Saya terlanjur mencap film-film Korea hanya bergenre drama percintaan yang cenderung melankolis. Tapi ketika secara tanpa sengaja melihat thriller film horor Korea yang sukses di pasaran Amerika sebagaimana film Indonesia The Raid, dan mendapat rating tinggi dari kritikus film Amerika, saya penasaran juga pengen nonton film yang berjudul Train to Busan ini.
Begitu dapat informasi film tersebut sudah diputar di Jakarta, maka saya menyempatkan untuk menonton. Film ini bercerita tentang sebuah kereta listrik cepat dari Seoul ke Busan. Ketika kereta akan berangkat, stasiun kereta tersebut diserang dan dikuasai oleh sekelompok zombie. Ada zombie yang berhasil naik ke atas kereta dan menyerang penumpang lain. Penumpang yang kena gigit pasti akan terinfeksi dan bermetamorfosa menjadi zombie pula.
Akhirnya kereta itu penuh oleh zombie yang ganas dan bahkan membunuh masinis kereta tersebut serta orang-orang yang di dekat zombie. Tanpa masinis kereta tersebut, para penumpang yang ada harus berjuang untuk melawan para zombie yang ada.
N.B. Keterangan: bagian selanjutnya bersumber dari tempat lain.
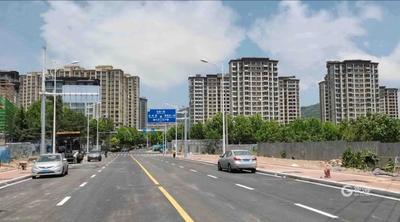 @驾驶人，即墨区货运车辆限时通行管理区域有调整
Akhirnya hanya seorang ibu yang lagi hamil tua dan seorang anak perempuan yang awalnya tidak saling kenal dengan si ibu hamil, yang selamat sampai ke Busan. Si ibu bepergian bersama suaminya, namun sang suami setelah mampu menyelamatkan istrinya dan berani bertarung melawan banyak orang yang telah terinfeksi virus dari zombie, akhirnya jadi korban juga.
Adapun si anak perempuan, sampai hampir mendekati kota Busan masih bersama ayahnya dan juga si ibu hamil itu tadi. Tapi ketika akhirnya ayahnya harus bertarung melawan masinis yang telah terinfeksi dan tangannya digigit oleh masinis, ia tahu akan segera terinfeksi juga.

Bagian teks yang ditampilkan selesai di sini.